Logistic Variational Bayes Revisited

TL;DR

This paper introduces a new, tighter bound for variational logistic regression that improves accuracy and speed, avoiding complex extensions or additional parameters, and demonstrating state-of-the-art performance.

Contribution

A novel bound for the expectation of the softplus function that enhances variational logistic regression without increasing model complexity.

Findings

The new bound is tighter than existing bounds.

The proposed method achieves state-of-the-art performance.
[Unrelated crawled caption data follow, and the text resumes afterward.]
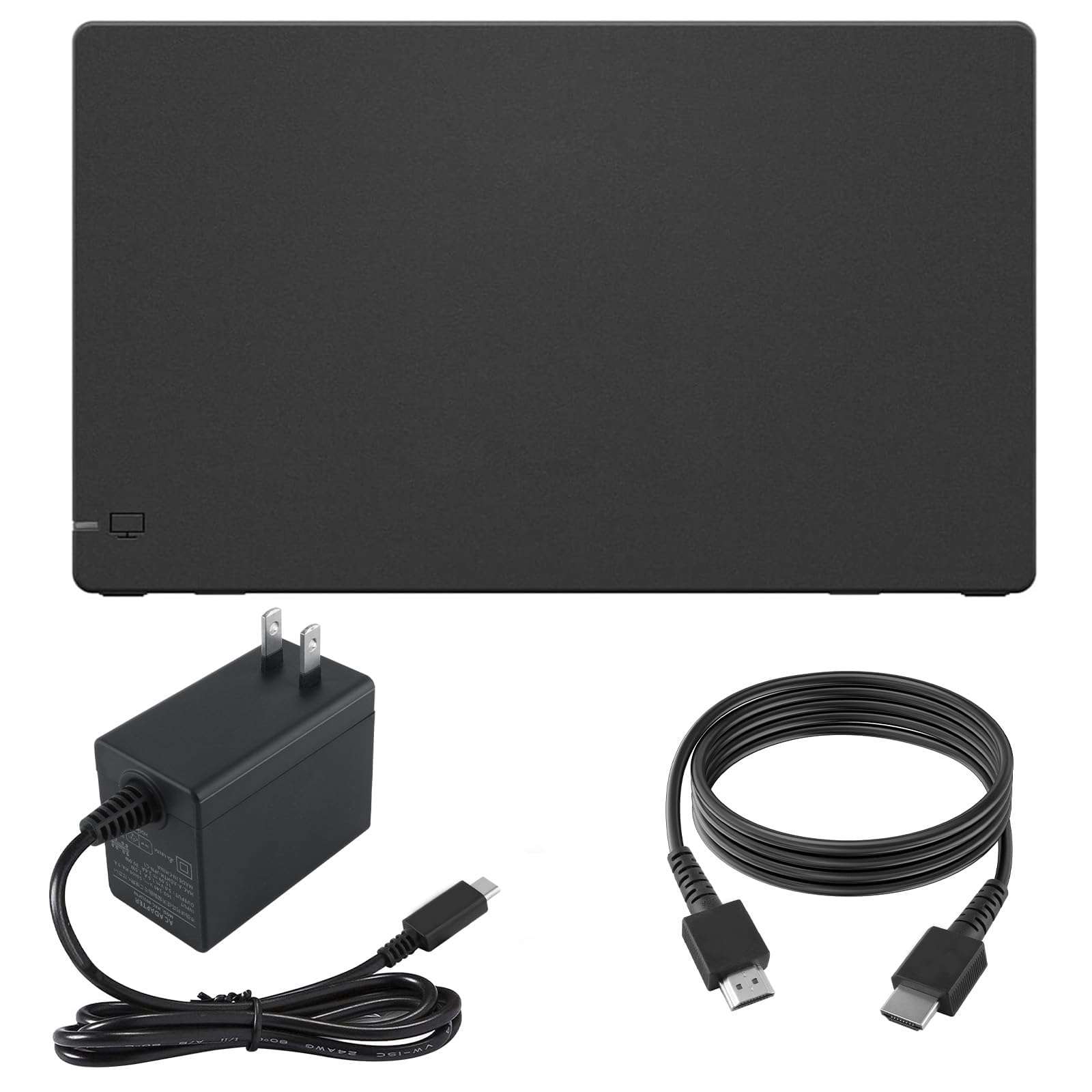 Dock Station for Nintendo Switch,3-1 Switch Docking Station for TV with HDMI Cable and AC Adapter, Replacement Charging Dock Set for Switch Console 1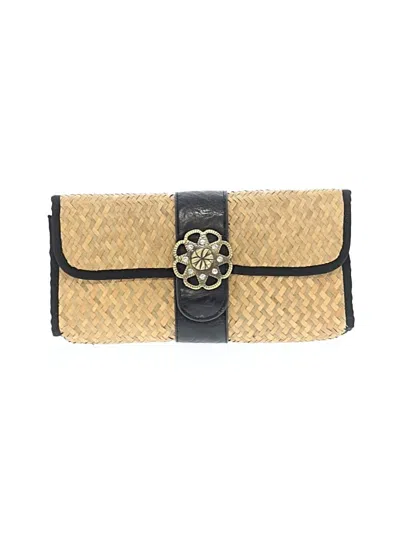 Pre-owned Unbranded Clutch In Gold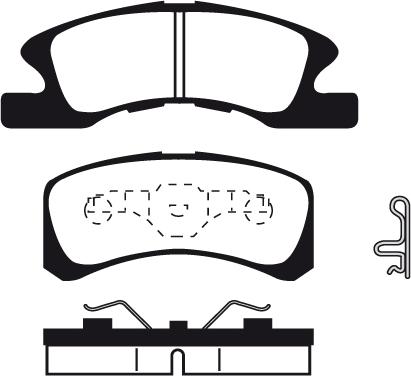 Raicam RA.1078.0 - Bremžu uzliku kompl., Disku bremzes www.autospares.lv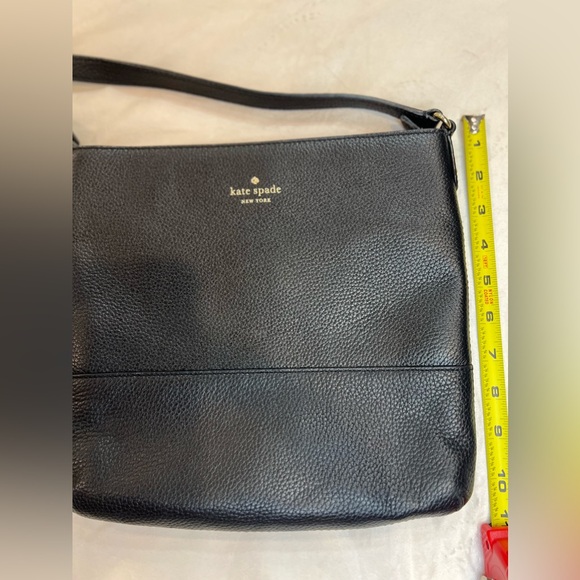 Kate Spade Southport Ave Cora Crossbody - Black - Picture 9 of 15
It is significantly faster than Monte Carlo methods.

Abstract

Variational logistic regression is a popular method for approximate Bayesian inference seeing wide-spread use in many areas of machine learning including: Bayesian optimization, reinforcement learning and multi-instance learning to name a few. However, due to the intractability of the Evidence Lower Bound, authors have turned to the use of Monte Carlo, quadrature or bounds to perform inference, methods which are costly or give poor approximations to the true posterior. In this paper we introduce a new bound for the expectation of softplus function and subsequently show how this can be applied to variational logistic regression and Gaussian process classification. Unlike other bounds, our proposal does not rely on extending the variational family, or introducing additional parameters to ensure the bound is tight. In fact, we show that this bound is tighter than the state-of-the-art, and that the resulting variational posterior achieves state-of-the-art performance, whilst being significantly faster to compute than Monte-Carlo methods.